Eloy Tizón

Quizá lo más atractivo de la retrospectiva del artista pop Richard Hamilton, que todavía puede visitarse en el museo Reina Sofía, sea el documental que se proyecta en una de las salas. Rastrea la relación de amistad entre Hamilton y Duchamp, y cómo el primero "duplicó" el Gran Vidrio del segundo para su exposición en Gran Bretaña, dado que el original estaba dañado y era imposible moverlo ni que viajara desde Filadelfia. Fue un proceso lento, casi detectivesco y, en gran medida, hipnótico. Para construir su réplica, Hamilton investigó a fondo la artesanía aplicada durante ocho años por su maestro Duchamp (hilos de plomo, com-binaciones alquímicas, secretos), sumergiéndose en los manuscritos herméticos y bocetos de la Caja Verde, para intentar esclarecer algunos de sus enigmas.



La persecución apasionada de estos dos solitarios hacia el gran misterio de la creación artística por momentos evoca la búsqueda del santo Grial. En el documental, no puedo evitar verlos como dos monjes medievales medio chiflados que pugnan por desentrañar el aleph de los vitrales. Esta pesquisa obsesiva, magnífica y algo necia a la vez, al margen de los problemas y urgencias del llamado "mundo real", expresa conmovedoramente la soberana inutilidad del arte al tiempo que su urgencia inaplazable.

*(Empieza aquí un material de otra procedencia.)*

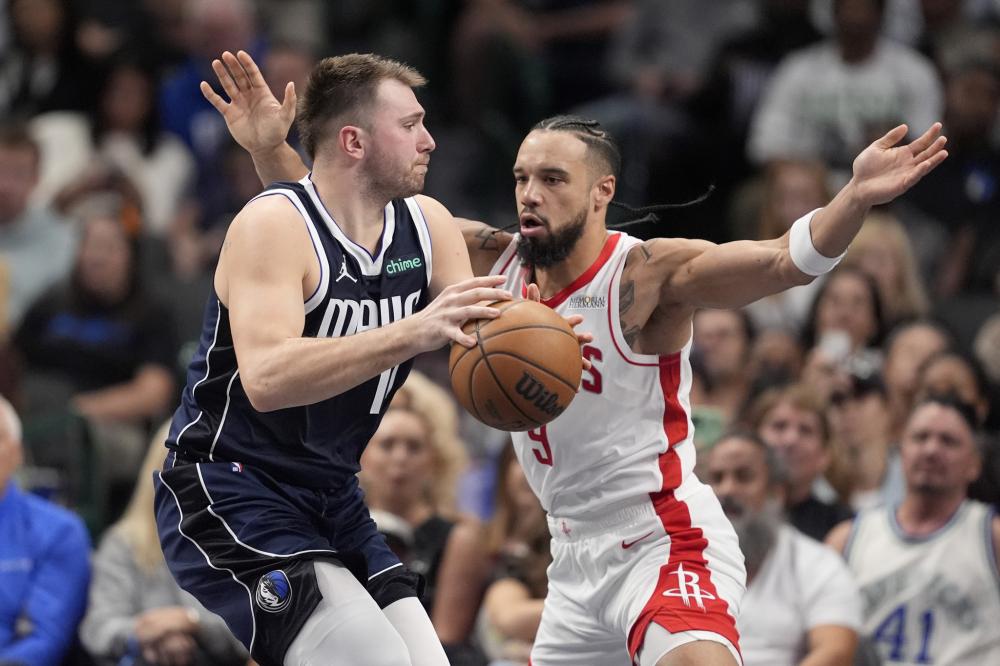 实现不仅仰 实现不仅仰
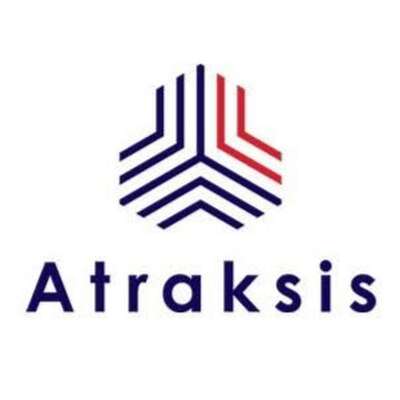 Atraksis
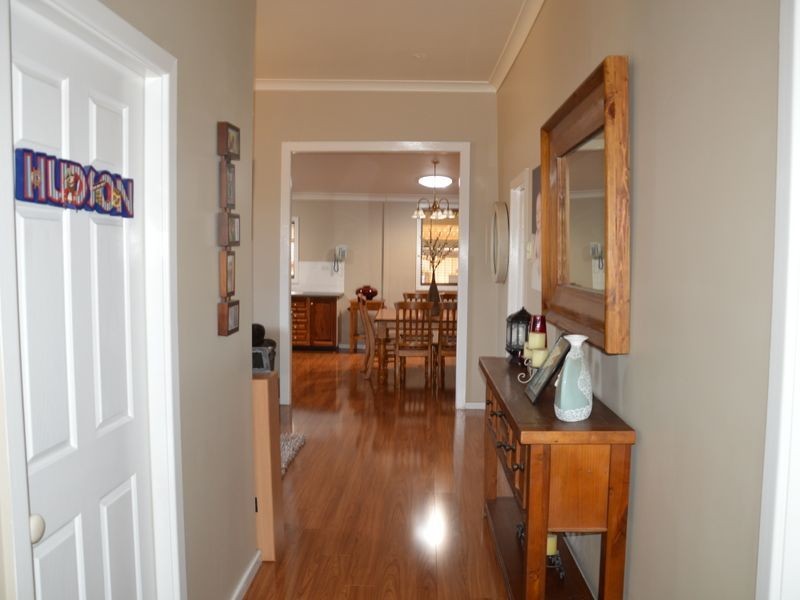 11 Thomas Street, Branxton NSW 2335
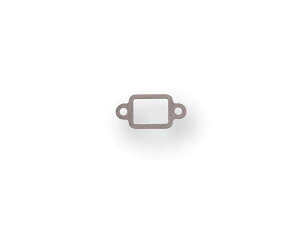 ��34-92053 Z/KZ �e���V���i�[�K�X�P�b�g �iZ1/Z2/ZI/ZII/Z750/Z900/Z1000/A4/A5/D1/MK-2/FX-1/Z1R/���X�g�A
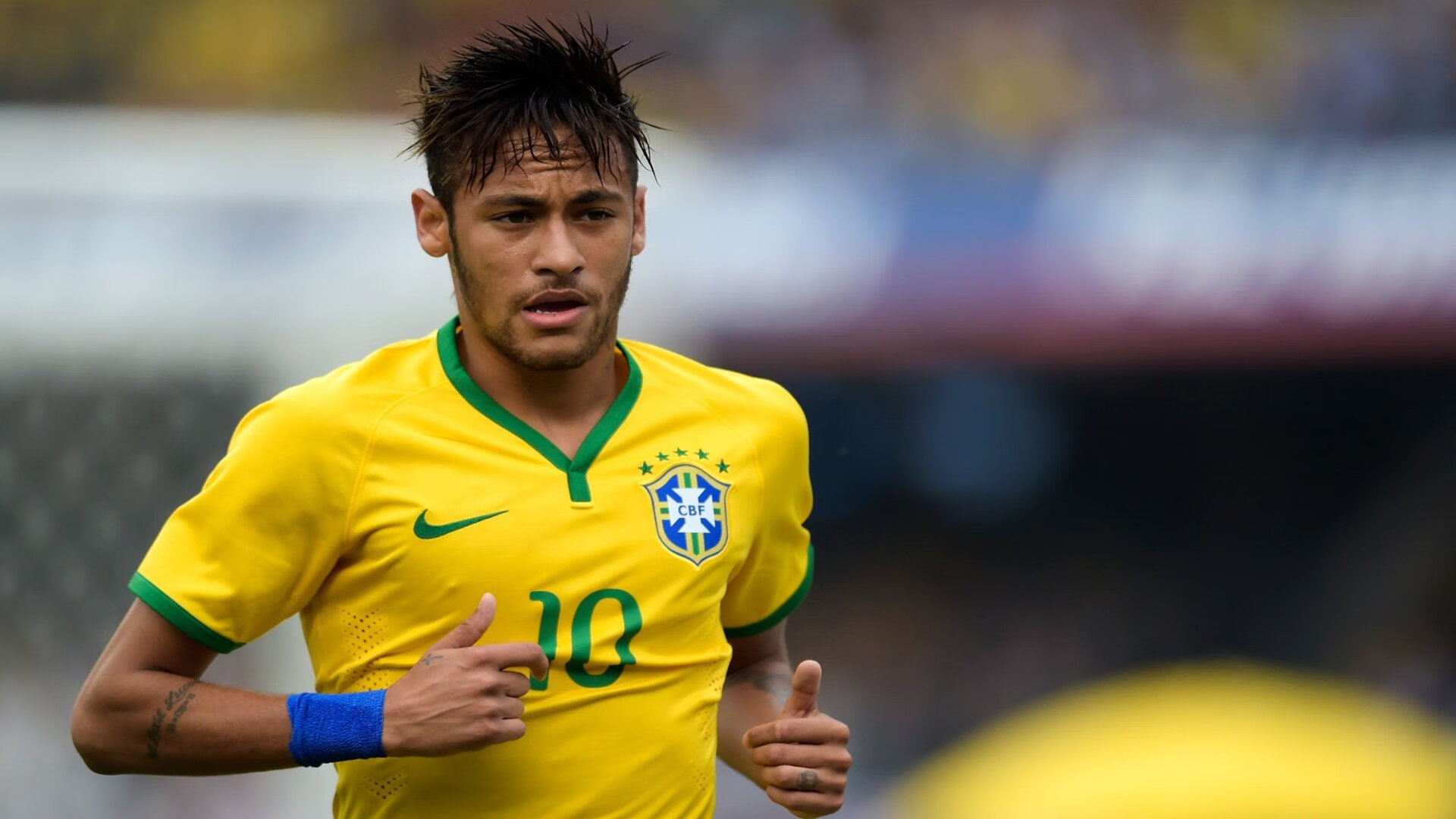 爱游戏 电竞-世界杯精彩纷呈：每一秒都令人心跳加速！，世界杯精彩过人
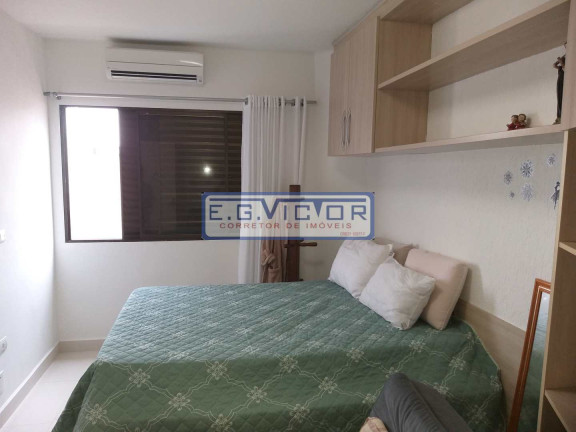 Imagem Apartamento com 3 Quartos à Venda, 149 m² em Centro - Mongaguá Imagem Apartamento com 3 Quartos à Venda, 149 m² em Centro - Mongaguá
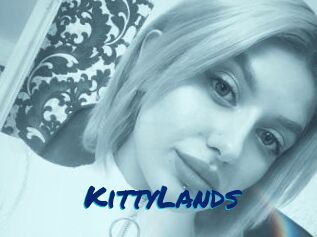 KittyLands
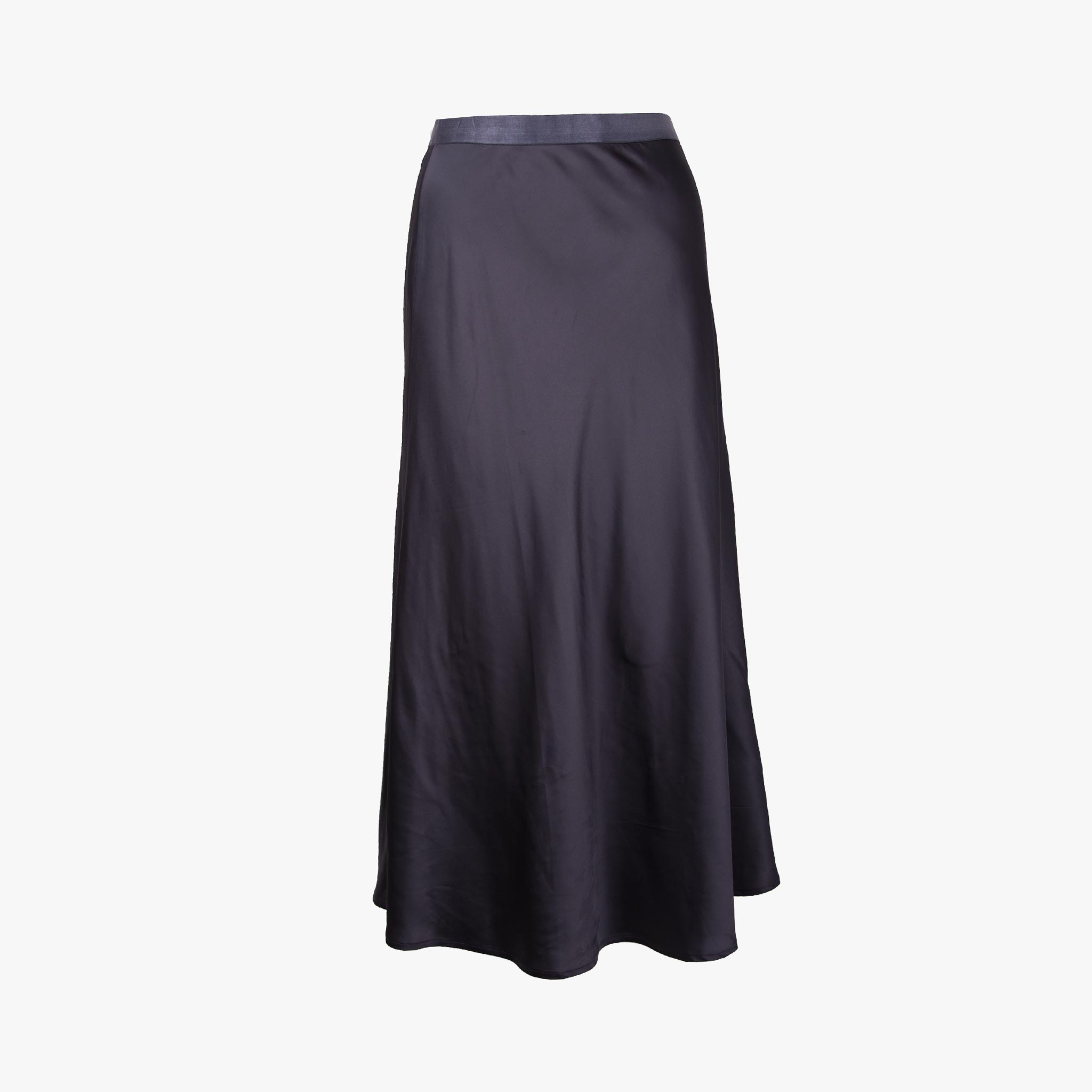 Jadicted Midirock Uni | navy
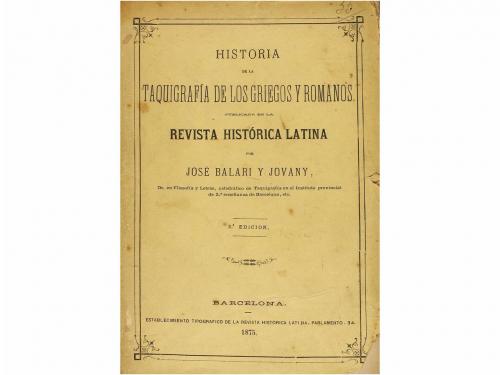 Lote 135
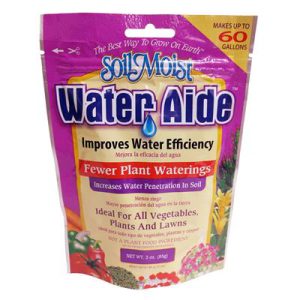 Water Aide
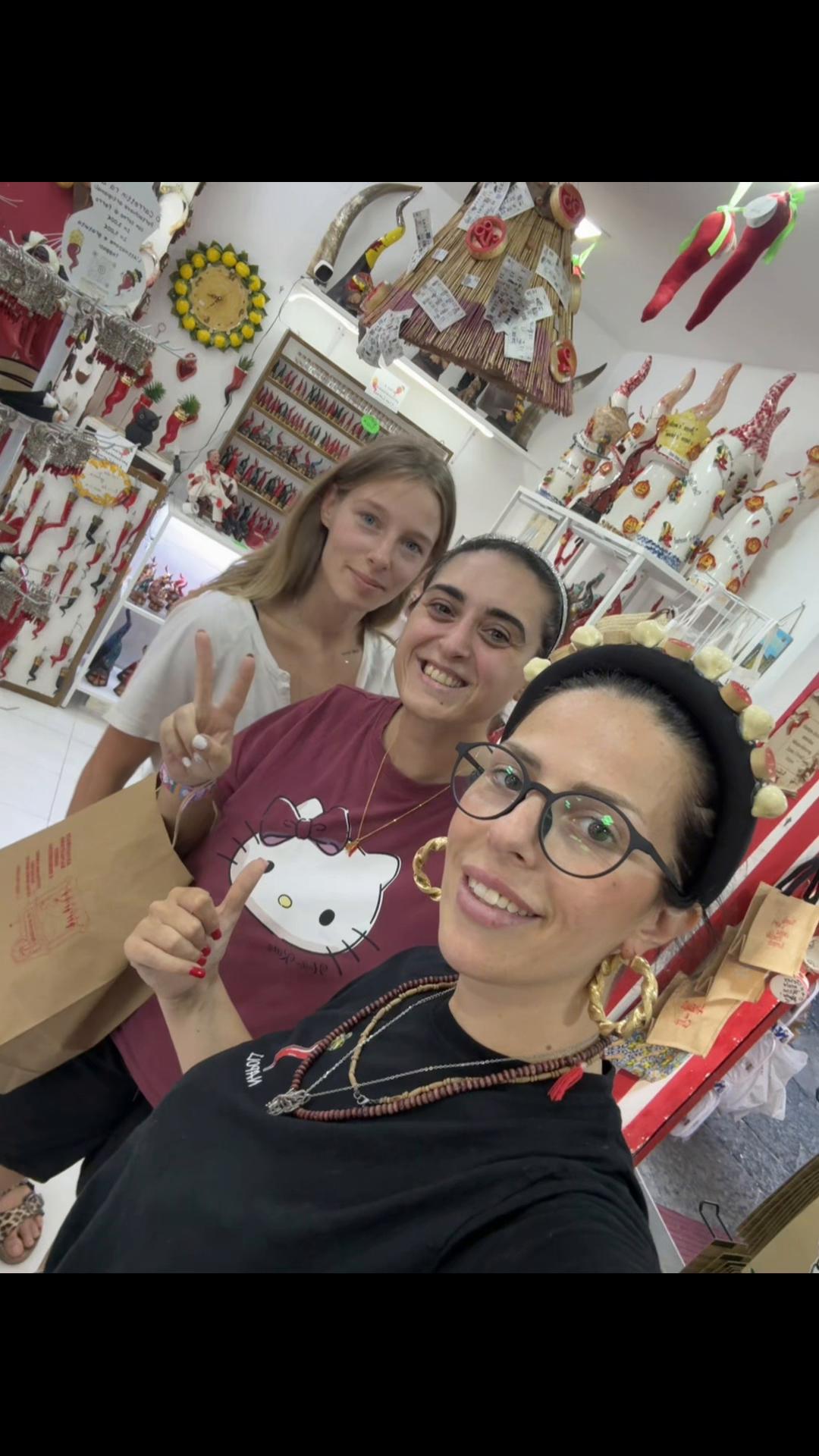 @Daniela Piscopo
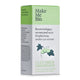 Make Me Bio Cucumber Freshness rozświetlające serum - roller pod oczy 10ml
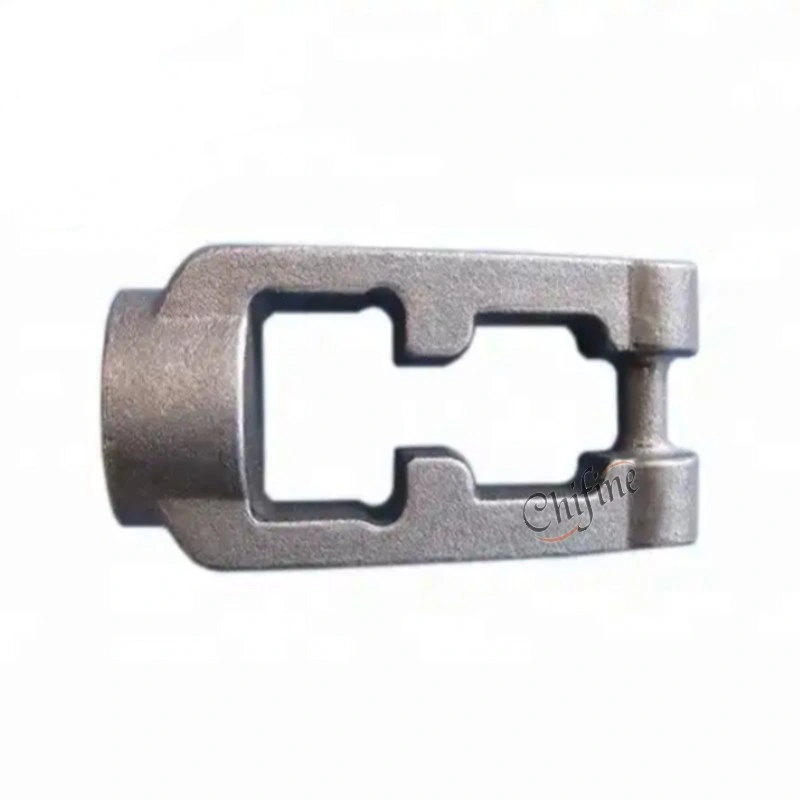 OEM Forging Parts Metals Hardware Supplier Hot Cold Forging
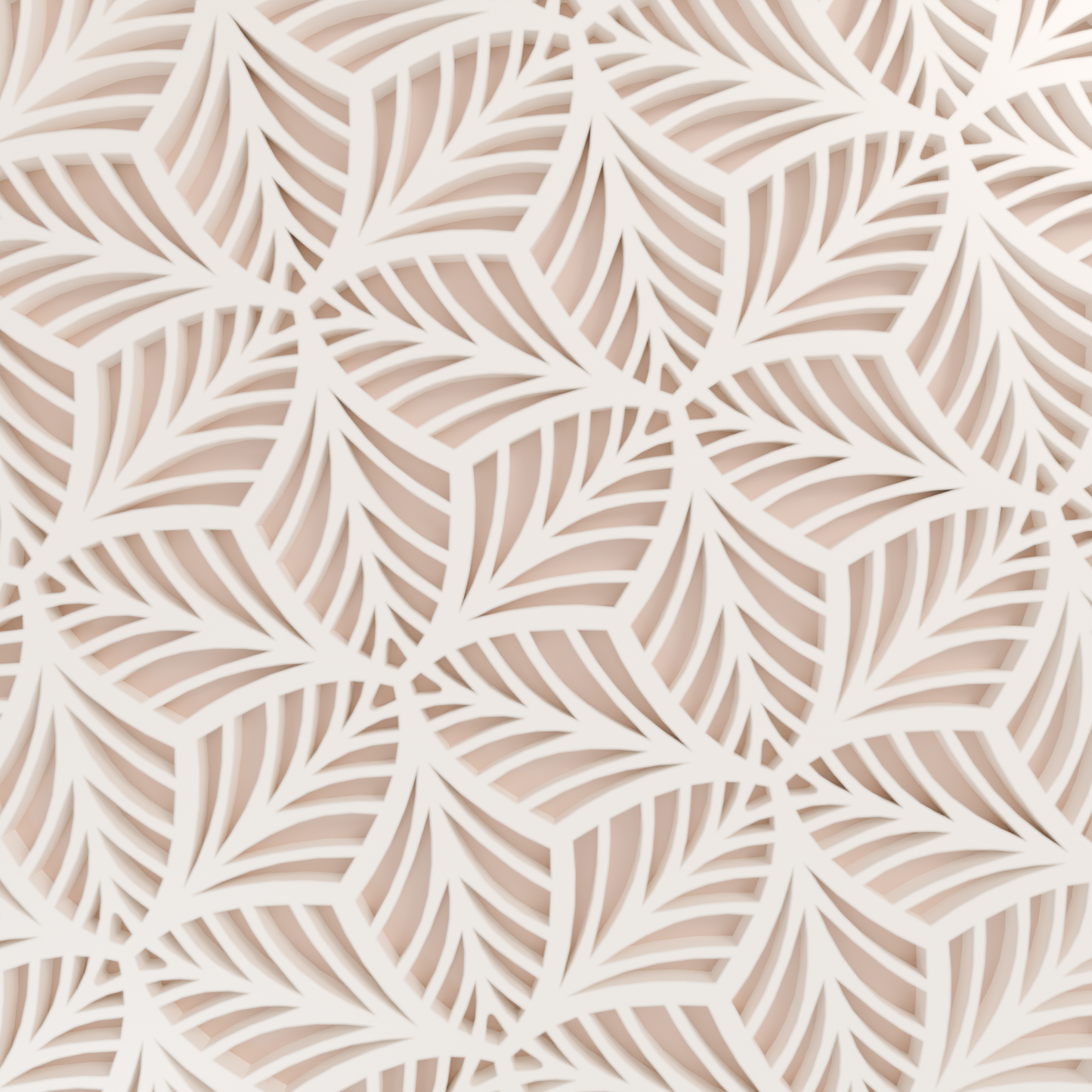 BxLeaf20x15x10_Peanut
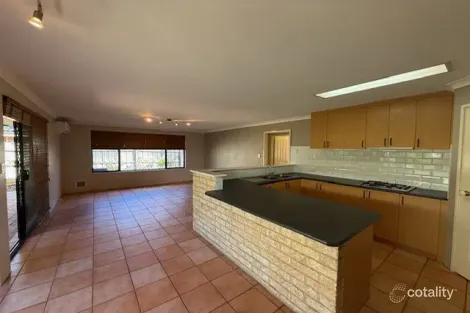 Property photo of 7 Shady Lane Canning Vale WA 6155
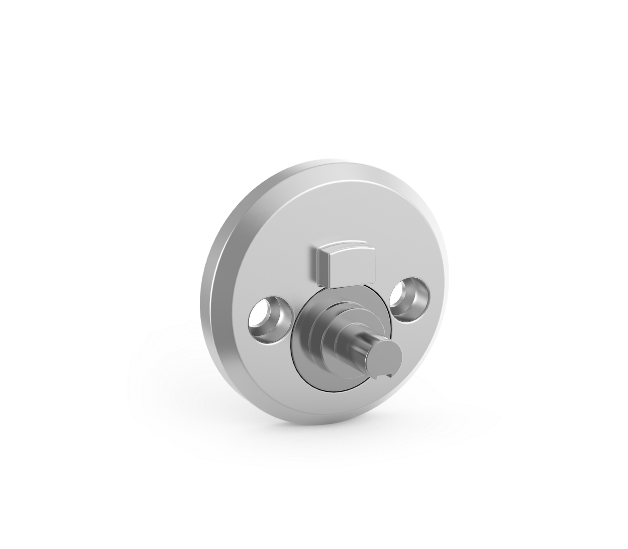 Tedee adapters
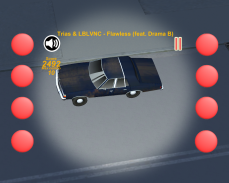 Streethoppers Lowriders screenshot 0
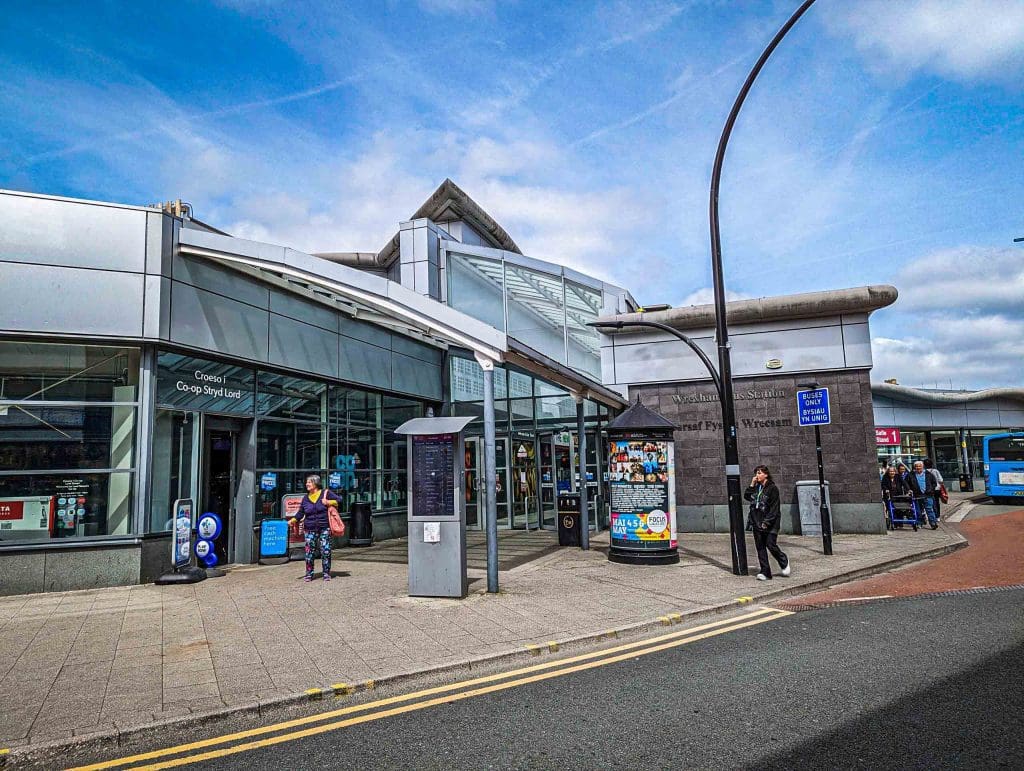 Visiting Wrexham: Your Essential Travel Itinerary Visiting Wrexham: Your Essential Travel Itinerary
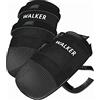 TRIXIE Walker Care prot. Zampe l - Accessori Cane capottini e Vestiario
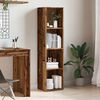 Vignette du produit 2 sur 12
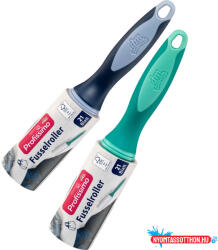  Ruhatisztító henger (52430) - nyomtassotthon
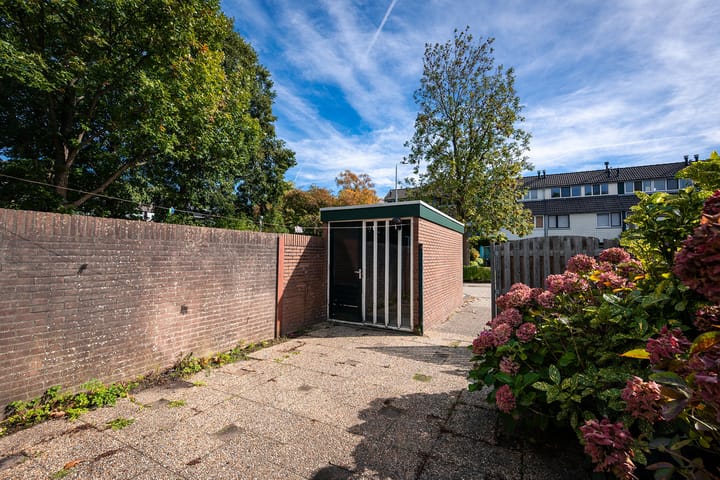 Photo 12 of Vagerveld 52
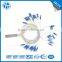 China Manufacturer Passive Fiber Optic FTTH PLC Splitter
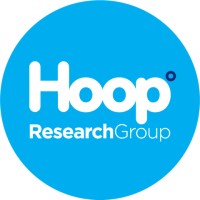 Hoop Group logo, Hoop Group contact details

Duchamp y Hamilton. Una historia de amistad entre dos ajedrecistas. Radicalmente innovador, elusivo y críptico, el Gran Vidrio es tal vez el Ulises de las artes plásticas. Un monolito fascinante al que hay que enfrentarse sin más remedio al menos una vez en la vida y que genera cataratas de interpretaciones, controversias y -todavía hoy- cierto halo de escándalo. Cerca de cien años después de ser concebido, ese cristal fracturado sigue siendo un hielo incomprensible que nos interpela y sacude. Un espejo provocador. Una ventana salvaje.